The application/pdf Media Type
draft-hardy-pdf-mime-00
This document is an Internet-Draft (I-D).
Anyone may submit an I-D to the IETF.
This I-D is not endorsed by the IETF and has no formal standing in the
IETF standards process.
The information below is for an old version of the document.
| Document | Type |
This is an older version of an Internet-Draft that was ultimately published as RFC 8118.
Expired & archived
|
|
|---|---|---|---|
| Authors | Matthew Hardy , Larry M Masinter , Duff Johnson | ||
| Last updated | 2015-01-22 (Latest revision 2014-07-21) | ||
| RFC stream | (None) | ||
| Formats | |||
| Reviews | |||
| Stream | Stream state | (No stream defined) | |
| Consensus boilerplate | Unknown | ||
| RFC Editor Note | (None) | ||
| IESG | IESG state | Became RFC 8118 (Informational) | |
| Telechat date | (None) | ||
| Responsible AD | (None) | ||
| Send notices to | (None) |
draft-hardy-pdf-mime-00
Network Working Group M. Hardy
Internet-Draft L. Masinter
Obsoletes: 3778 (if approved) Adobe
Intended status: Informational D. Johnson
Expires: January 22, 2015 PDF Association
July 21, 2014
The application/pdf Media Type
draft-hardy-pdf-mime-00
Abstract
PDF, the 'Portable Document Format', is an ISO standard (ISO
32000-1:2008) defining a final-form document representation language
in use for document exchange, including on the Internet, since 1993.

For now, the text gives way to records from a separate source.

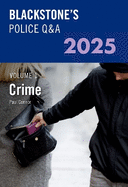 Blackstone's Police Q&A's 2025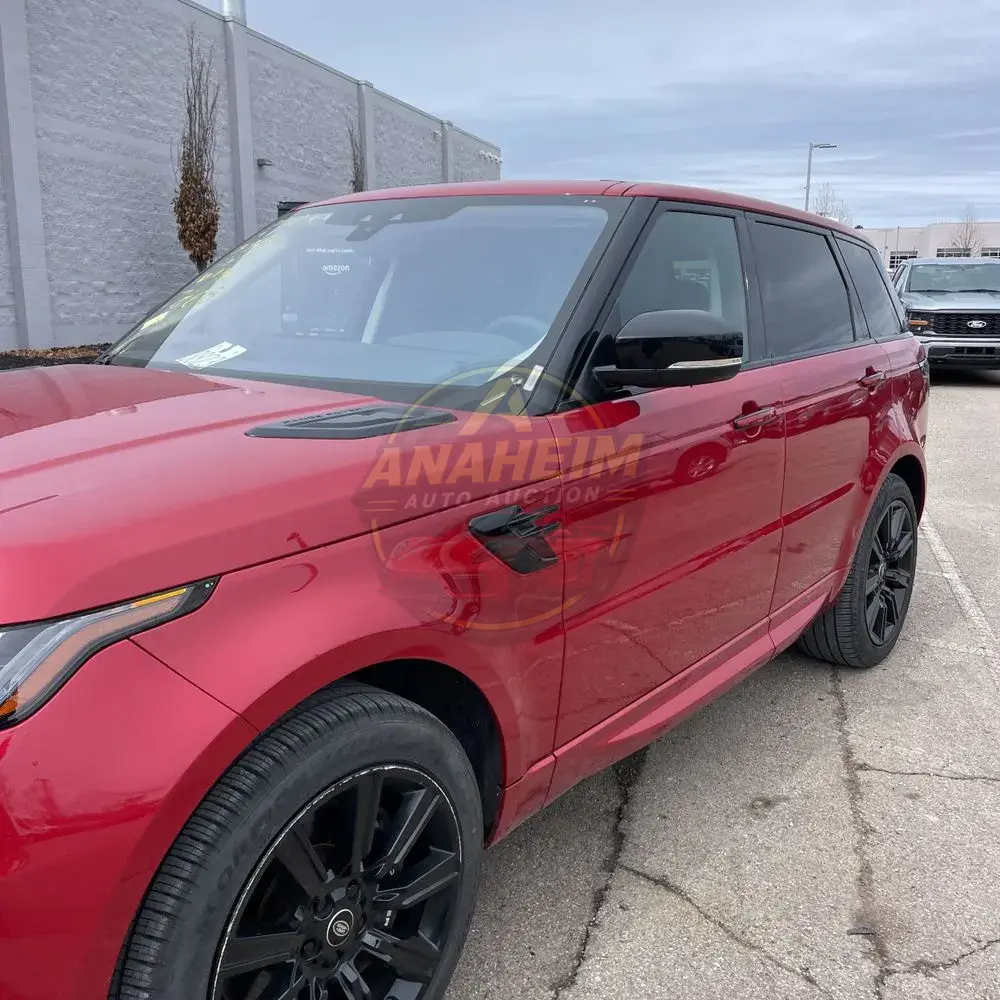 2021 Land Rover Range Rover Sport HST
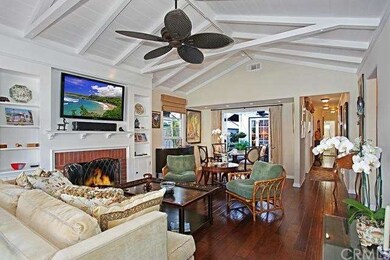 Great Room Opens to Dining Area 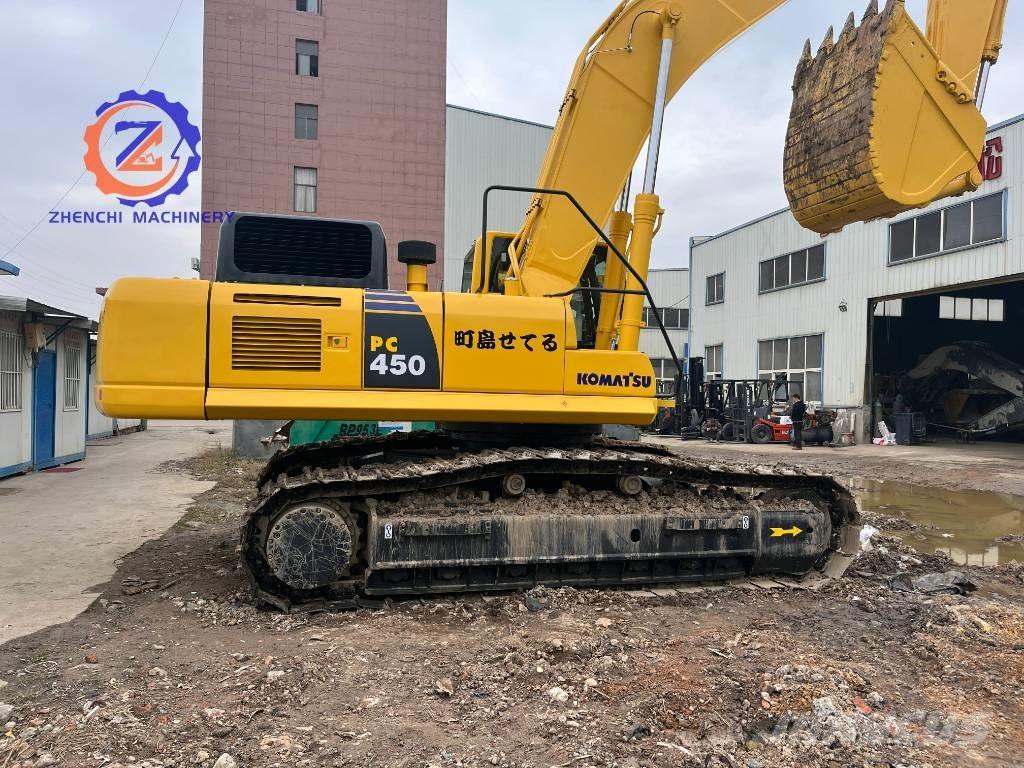 Komatsu PC 450 Escavatori cingolati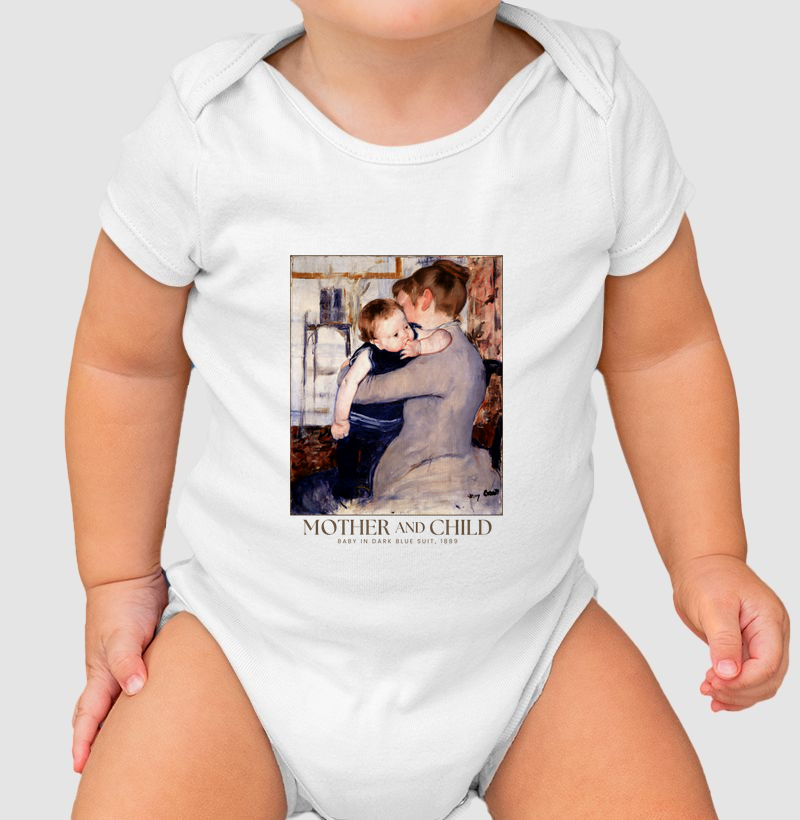 Mother and Child (1889) - Mary Cassatt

This document provides an overview of the PDF format and updates the
media type registration of 'application/pdf'. It replaces RFC 3778.
Status of This Memo
This Internet-Draft is submitted in full conformance with the
provisions of BCP 78 and BCP 79.
Internet-Drafts are working documents of the Internet Engineering
Task Force (IETF). Note that other groups may also distribute
working documents as Internet-Drafts. The list of current Internet-
Drafts is at http://datatracker.ietf.org/drafts/current/.
Internet-Drafts are draft documents valid for a maximum of six months
and may be updated, replaced, or obsoleted by other documents at any
time. It is inappropriate to use Internet-Drafts as reference
material or to cite them other than as "work in progress."
This Internet-Draft will expire on January 22, 2015.
Copyright Notice
Copyright (c) 2014 IETF Trust and the persons identified as the
document authors. All rights reserved.
This document is subject to BCP 78 and the IETF Trust's Legal
Provisions Relating to IETF Documents
(http://trustee.ietf.org/license-info) in effect on the date of
publication of this document. Please review these documents
carefully, as they describe your rights and restrictions with respect
to this document. Code Components extracted from this document must
include Simplified BSD License text as described in Section 4.e of
Hardy, et al. Expires January 22, 2015 [Page 1]
Internet-Draft application/pdf July 2014
the Trust Legal Provisions and are provided without warranty as
described in the Simplified BSD License.
Table of Contents
1. Introduction . . . . . . . . . . . . . . . . . . . . . . . . 2
2. History . . . . . . . . . . . . . . . . . . . . . . . . . . . 3
3. Fragment Identifiers . . . . . . . . . . . . . . . . . . . . 3
4. Subset Standards . . . . . . . . . . . . . . . . . . . . . . 5
5. Accessibility for PDF . . . . . . . . . . . . . . . . . . . . 5
6. PDF Implementations . . . . . . . . . . . . . . . . . . . . . 5
7. Security Considerations . . . . . . . . . . . . . . . . . . . 5
8. IANA Considerations . . . . . . . . . . . . . . . . . . . . . 6
9. References . . . . . . . . . . . . . . . . . . . . . . . . . 7
Authors' Addresses . . . . . . . . . . . . . . . . . . . . . . . 8
1. Introduction
This document is intended to provide updated information on the
registration of the MIME Media Type "application/pdf" for documents
defined in the PDF [ISOPDF], 'Portable Document Format', syntax.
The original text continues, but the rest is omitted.